PVCu Sliding Patio Doors – In-line or tilt & turn?

PVCu sliding patio doors can be specified as either in-line sliders or as tilt and slide doors.

In-line sliding patio doors are generally made up of one fixed glazed panel and one which slides across it to form the opening.

Early patio doors, especially in aluminium frames, had the sliding section on the outside of the fixed panel and posed a security risk. The sliding section could often be easily lifted out completely to gain access from outside.

Modern PVCu sliding patio doors have the sliding section on the inside of the fixed panel – this not only reduces the security risk but also means that the sliding track is better protected against inclement weather.

For wide brick apertures, PVCu sliding patio doors may have to be split into more than two sections. Three part PVCu sliding patio doors would generally have the centre pane sliding across one or both of the adjoining fixed panels.

Four part PVCu sliding patio doors would normally have the centre two sections sliding, one to cover the left fixed panel and one to cover the right fixed panel.

Tilt and slide patio doors offer an additional function to in-line sliders as the sliding door can also tilt inwards into the room.
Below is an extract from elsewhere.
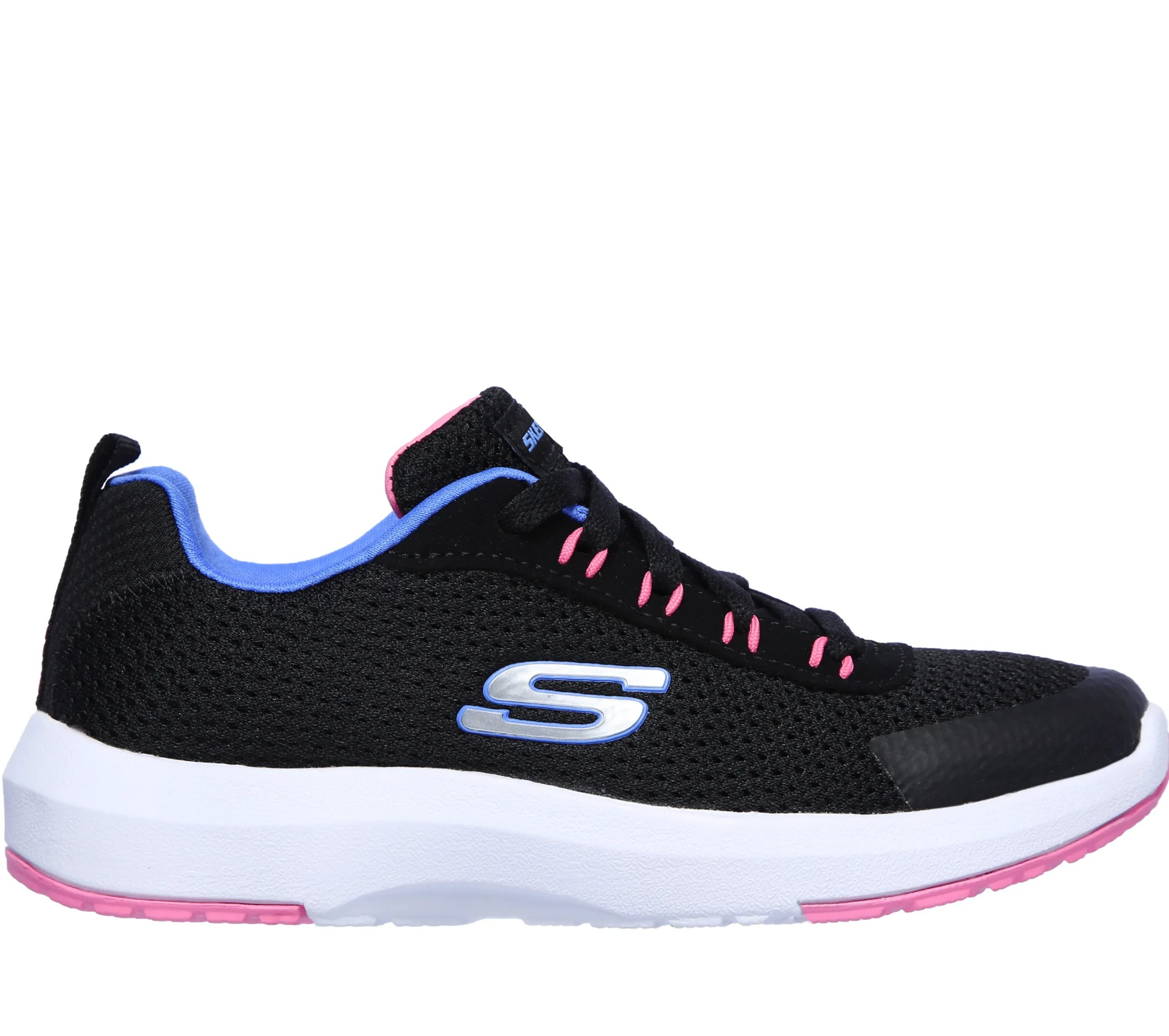 SKECHERS Dynamic Tread>Niños Con Cordones|Zapatillas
This two way opening facility increases both the complexity of the opening mechanism and also the price.

The major benefit of tilt and slide patio doors over in-line PVCu sliding patio doors is the ability to provide ventilation without the door being open for access.
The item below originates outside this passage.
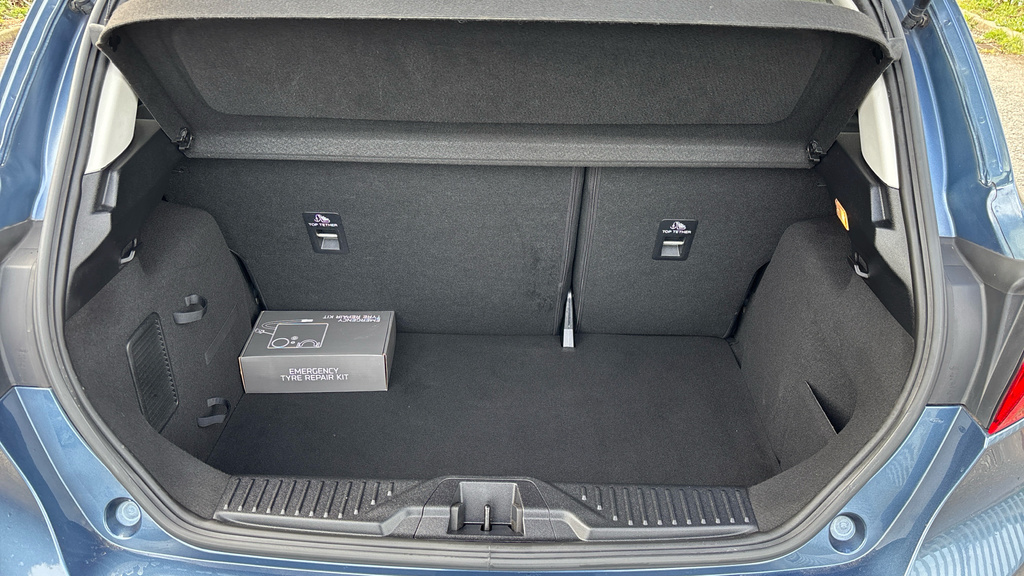 Ford Fiesta Titanium GL69DKY Blue #4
PVCu sliding patio doors or double doors?

When deciding whether to have PVCu sliding patio doors or double hinged doors in your home, you should always consider the overall width of the brick to brick aperture.

Below about 1,500 mm wide may not be suitable for a patio door as (when allowing for the width of the fixed frame and the outer frame of the slider) the ‘walk-through’ dimension would be impractically narrow. Double doors or French doors would be more appropriate.
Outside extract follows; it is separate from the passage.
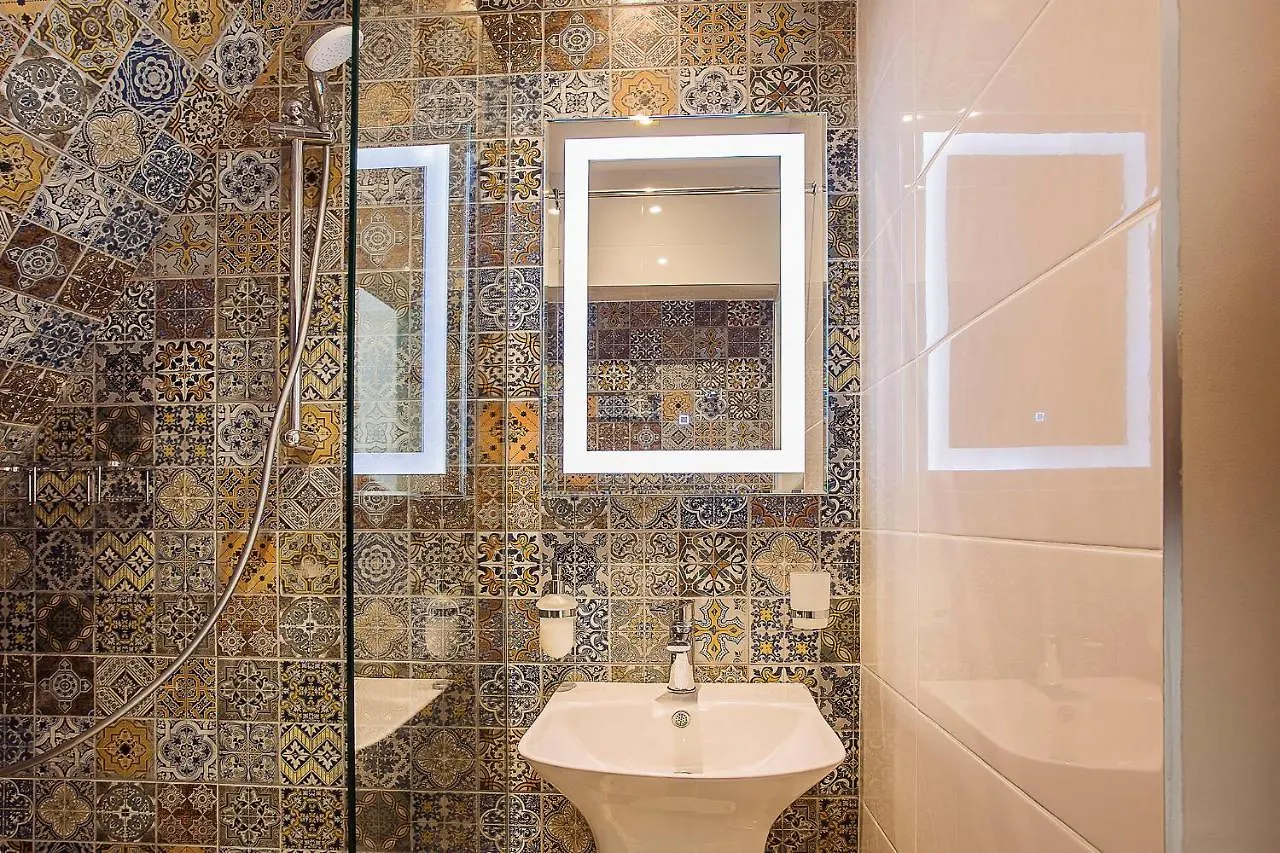Apartment Deluxe Studio Center City Varna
Additionally, for an aperture below about 1,200 mm wide, double doors may not necessarily be appropriate either because to form a practical walk-through width would require that both doors are opened at the same time.

In this case perhaps a single door of 900 mm wide and fixed side panel taking up the balance would be more practical. Equally, when installing double doors in an aperture wider than 2,000 mm could mean that the hinged doors become an obstruction, and fixed side panels should be considered.

The wider the brick to brick dimension however, the larger the number of design combinations there are available.

Ultimately, regardless of the practicality offered by the size of the brick to brick opening, it is often personal choice as to whether French doors or patio doors are chosen.